W rzeczywistości do Białego Domu napisano już ponad milion listów protestujących przeciwko Willow, a prawie trzy miliony ludzi (i ta liczba wciąż rośnie) podpisało Change.org petycja robiąc to samo.

„ConocoPhillips, firma, która zaproponowała ten projekt, twierdzi, że Willow pomogłaby w walce z inflacją i kosztami energii. Stany Zjednoczone są już największym na świecie producentem ropy i gazu, pomimo energicznych i niepoprawnych kampanii public relations przemysłu naftowego i gazowego, których celem jest przekonanie ludzi, że ich oportunizm do większych odwiertów jest uzasadnionym rozwiązaniem politycznym” – czytamy.
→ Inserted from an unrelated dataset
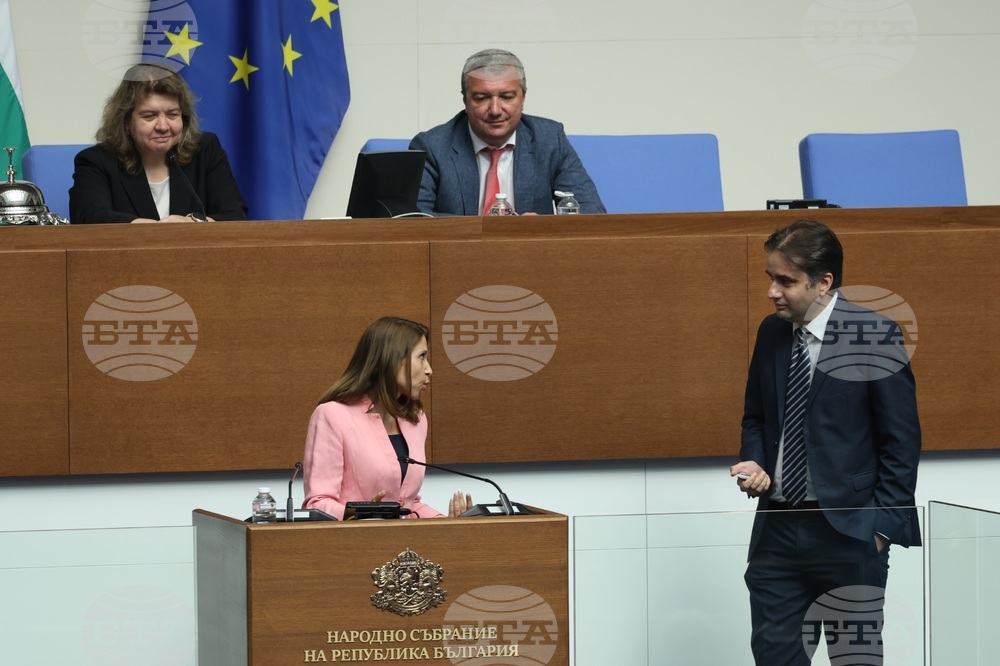 Блицконтролът беше прекъснат за втори път след отказ на Искра Михайлова от "Възраждане" да слезе от парламентарната трибуна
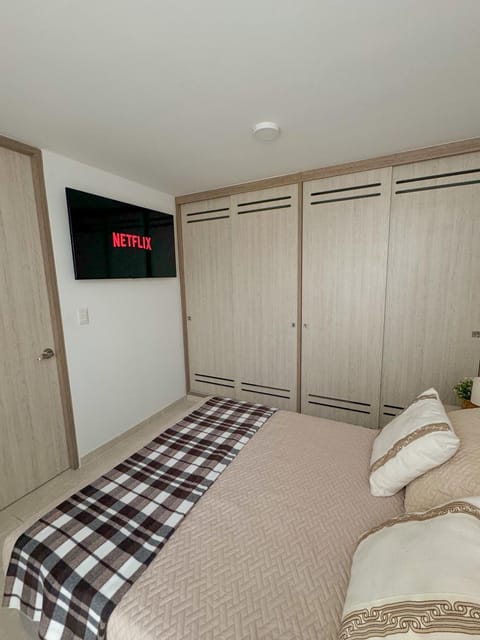 Bed, TV and multimedia, Photo of the whole room, Bedroom, wardrobe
„Nawet jeśli projekt Willow zostałby zatwierdzony, nie pomógłby w walce z inflacją lub wysokimi kosztami energii. Minęłyby lata, zanim Willow wyprodukowałaby choć jedną kroplę ropy, a projekt zamknąłby nas w dziesięcioleciach rozwoju paliw kopalnych w czasie, gdy musimy szybko przejść na czyste źródła energii”.

Wielu przytaczało rzekome zaangażowanie Bidena w walkę z kryzysem i poparcie dla przełomowych przepisów mających na celu przyspieszenie ekspansji czystej energii w USA jako oszukańcze w jego obecnych rozważaniach.

W konsekwencji uznaliby jego aprobatę dla Willow za zdradę, zwłaszcza biorąc pod uwagę, że podczas kampanii wyborczej w 2020 roku Biden obiecał zakończyć nowe odwierty ropy i gazu na ziemiach federalnych.

Z tego powodu Prezydent znajduje się pod ogromną presją z obu stron.

Ci, którzy twierdzą, że Willow byłaby dobrodziejstwem dla schorowanej gospodarki stanu, argumentują, że skutki finansowe jej przekazania byłyby zbyt niszczycielskie, by je pojąć.

A ci, którzy są zaangażowani w ochronę świata przyrody, niezłomnie sprzeciwiają się planowi, który, jak twierdzą, miałby jeszcze bardziej niszczycielskie skutki niż tymczasowy cios dla gospodarki.

Niezależnie od tego Biden będzie musiał wydać ostateczną decyzję, i to już wkrótce.

„Największym przesłaniem, jakie dziś wysyłamy na głos, jest to, że nadszedł czas, aby administracja Bidena poprowadziła nas do sprawiedliwego przejścia od paliw kopalnych do bardziej regenerującej się gospodarki” – mówi. Karlin Nageak Itchoak, starszy dyrektor regionalny w regionie arktycznym The Wilderness Society.

„Jedynym odpowiedzialnym działaniem dla prezydenta Bidena jest anulowanie Willow”.